Publicado 30/11/2015 12:08 | Editado 04/03/2020 17:16
Um senador da republica foi preso “em flagrante” por ordem do STF e o plenário do Senado covardemente manteve a prisão. Não que o tal senador não mereça ser banido da vida pública, processado e eventualmente preso, mas isso deve ocorrer nos termos da lei e não “por que o STF quer”. Não vou nem discutir se a circunstância que o levou à prisão do parlamentar seria de flagrante ou não, qualquer estudante de direito sabe que na prisão em flagrante não há sequer expedição de mandado de prisão, seria um paradoxo, para dizer pouco.
Relembremos outro fato e comparemos os desdobramentos. Recentemente ocorreu uma reunião entre o Presidente da Câmara dos Deputados, do Ministro do STF Gilmar Mendes e do Deputado Paulinho da Força, cuja pauta foi: (i) o impeachment da presidente da república, (ii) a votação de suas contas eleitorais no Tribunal Superior Eleitoral e (iii) as contas então pendentes de decisão no Tribunal de Contas da União.

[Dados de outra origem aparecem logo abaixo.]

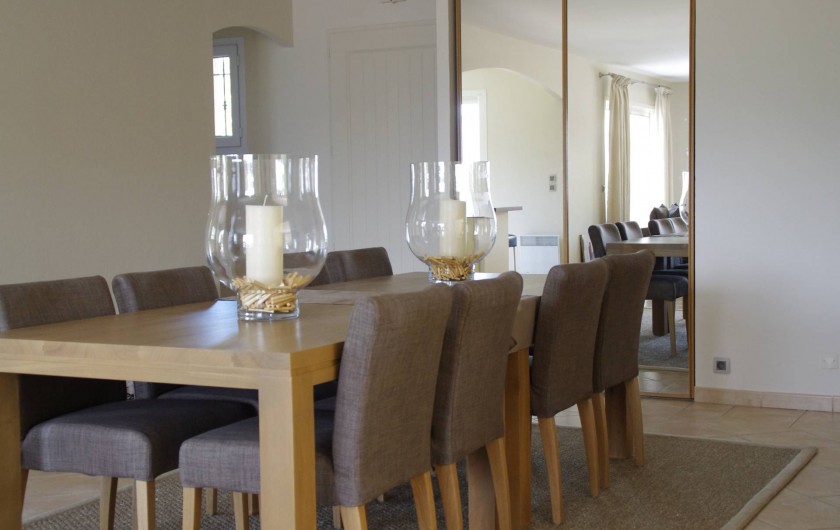 Location de vacances - Villa à Le Plan-de-la-Tour - Salle à manger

Um verdadeiro flagrante (no conceito do próprio STF) do golpismo e da conspiração, mas ninguém foi preso, talvez porque não houvesse um petista presente…
Esse fato é exemplo da verdadeira esculhambação dos valores republicanos e, por favor, não me censurem pelo uso do substantivo feminino “esculhambação”, pois ele representa precisamente a natureza daquela reunião.
E essa esculhambação dos valores republicanos ocorreu no padrão contemporâneo de fazer política, com “pê” minúsculo, usando a mídia para dar contornos de fato positivo, negativo ou naturalidade, conforme a conveniência. Tanto que a manchete do jornal da família Frias foi reveladora “Cunha discute impeachment com ministro do Supremo.”.
Por esse fato deveria Eduardo Cunha ser preso em flagrante também, juntamente com Gilmar Mendes e o Deputado Paulinho? Pela regra de que “pau que bate em Chico, bate em Francisco” sim, mas os ontem indignados Ministros do STF receberam a manchete da FOLHA com naturalidade, donde se conclui que o verniz civilizado e civilizatório rompe-se com facilidade em nossa sociedade quando interesses são contrariados, basta observarmos o que está acontecendo hoje no país, onde o moralismo publicado [esconde] interesses impublicáveis.
O conteúdo das conversas gravadas e amplamente divulgadas, ocorridas entre um senador da republica, um advogado e o filho de um corrupto condenado merecem punição exemplar, assim como mereceria punição a conspiração relembrada acima, pois a nação que desejamos para nossos filhos e netos é uma nação de ações honradas, comprometidas com o desenvolvimento social, econômico e com uma cultura de paz.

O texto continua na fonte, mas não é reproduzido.